ÜNİVERSİTECİLİK: Hukuk fakültesinde okuyan ve mezun olan yapıya ait evlerde ve yurtlarda kalan kişilerin Ankara’daki hakim-savcı çalışma evlerine alınmasında aktif rol oynayıp bu kişileri seçen ve listeleyen kişilerdir. Yukarıda bahsettiğim gibi üniversitecilik görevi hakim-savcı adaylarından oluşmaktadır. Ancak 2013 yılı haziran ayından itibaren artık bu görevi hakim-savcı adayları yapmayıp yapı içerisindeki siviller tarafından yerine getirilmiş ve devam ettirilmiştir. Bu kişiler özellikle hukuk fakültesi 3.sınıfın ortalarından itibaren öğrencilerle mülakat, toplantı yapıp bu kişilere mesleki anlamda hakim-savcılık hususunda yol göstererek, hakim-savcılık kariyer görüşmesi yaparak, teşvik ederek yönlendirmektedir. Ayrıca bu yönlendirilen kişiler ve aileleri hakkında tüm bilgileri not ederek yapıda kendinden sorumlu üst düzey kişilere vermektedir. Üniversitecilik görevini yapan kişiler de kod adı kullanırlardı. Gittikleri üniversitelerdeki öğrencilere gerçek isimlerini, mesleklerini kesinlikle söylemezlerdi. Üniversiteciliğin kısa ve öz olarak asıl amacı Ankara’daki hakim-savcı çalışma evlerine gelecek öğrencileri belirlemek ve tespit etmektir.

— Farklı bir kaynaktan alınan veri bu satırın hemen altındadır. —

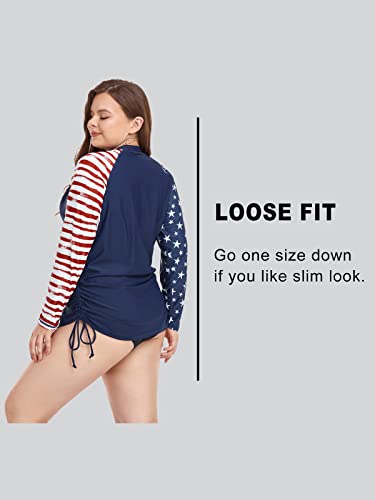 Halcurt Plus Size Swim Shirt For Women Long Sleeve Drawstring Rash Guard Top 1X #TOP3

…Bana yapıya ait evlerde ve yurtlarda kalan, Karadeniz Teknik Üniversitesi Hukuk Fakültesi 3.sınıf öğrencileri, İnönü Üniversitesi Hukuk Fakültesi 3.sınıf öğrencileri, Zirve Üniversitesi Hukuk Fakültesi 3.sınıf öğrencileri ile görüşmemi, bu kişiler hakkında bilgi toplamamamı istediler. Ben ikişer kez bu fakültelerdeki 3.sınıf öğrencileri ile görüştüm. Bu şahıslar ve aileleri hakkında bilgi topladım. İlk gittiğimde bu kişiler hakkında bilgileri kağıtlara yazdım, sonraki gittiğimde ise bana verilen bilgisayara kaydettim ve bu bilgileri 2013 yılı şubat-mart aylarında Danıştay’da tetkik hakimi olarak görev yapan …KOD ADLI İSMİNİ HATIRLAYAMADIĞIM ancak fotoğrafları gösterilirse teşhis edebileceğim bir kişiye verdim. Bu görüştüğüm öğrencileri şuan hatırlayamam . Yukarıda bahsettiğim bilgisayarı ve flaşlı belleki bana … KOD ADLI İSMİNİ HATIRLAMADIĞIM fakültecilikten sorumlu kişi verdi.Verdiği flash bellek içerisinde bu gittiğim 3 üniversitedeki yapıya mensup 3.sınıf öğrencilerinin isimleri ve soy isimleri yazılıydı. …Bu kişilerin dersleri, ortalamaları, yapı içerisinde hangi görevi aldıkları, aileleri hakkındaki bilgileri sorarak öğrendim. Bu aldığım görev yaklaşık 4 ay sürmüştür. Bu süre zarfındaki tüm maddi ihtiyaçlarımız 2013 yılı şubat-mart aylarında Danıştay’da tetkik hakimi olarak görev yapan …KOD ADLI İSMİNİ HATIRLAYAMADIĞIM ancak fotoğrafları gösterilirse teşhis edebileceğim bir kişi tarafından karşılanıyordu. … Bu fakültecilik görevini yapan yukarıda belirttiğim 14. Dönem hakim-savcı adayı olan YAPIYA AİT ERZURUM STAJYER HAKİM-SAVCI EVİNDE KALAN 3 KİŞİ ve Gaziantep 14.dönem hakim-savcı adayları olan F.A., H.Z. ve M.K. kura çekecekleri için tüm görevlerini bana, Gaziantep hakim-savcı çalışma evinde birlikte kaldığımız B.B., S.G.G. ve 15.dönem hakim-savcı adayı olan SOYADINI HATIRLAYAMADIĞIM … İSİMLİ ŞAHIS ile birlikte yaklaşık 4-5 ay devam ettirerek 2013 haziran ayında kura çekeceğimiz için sonlandırdık.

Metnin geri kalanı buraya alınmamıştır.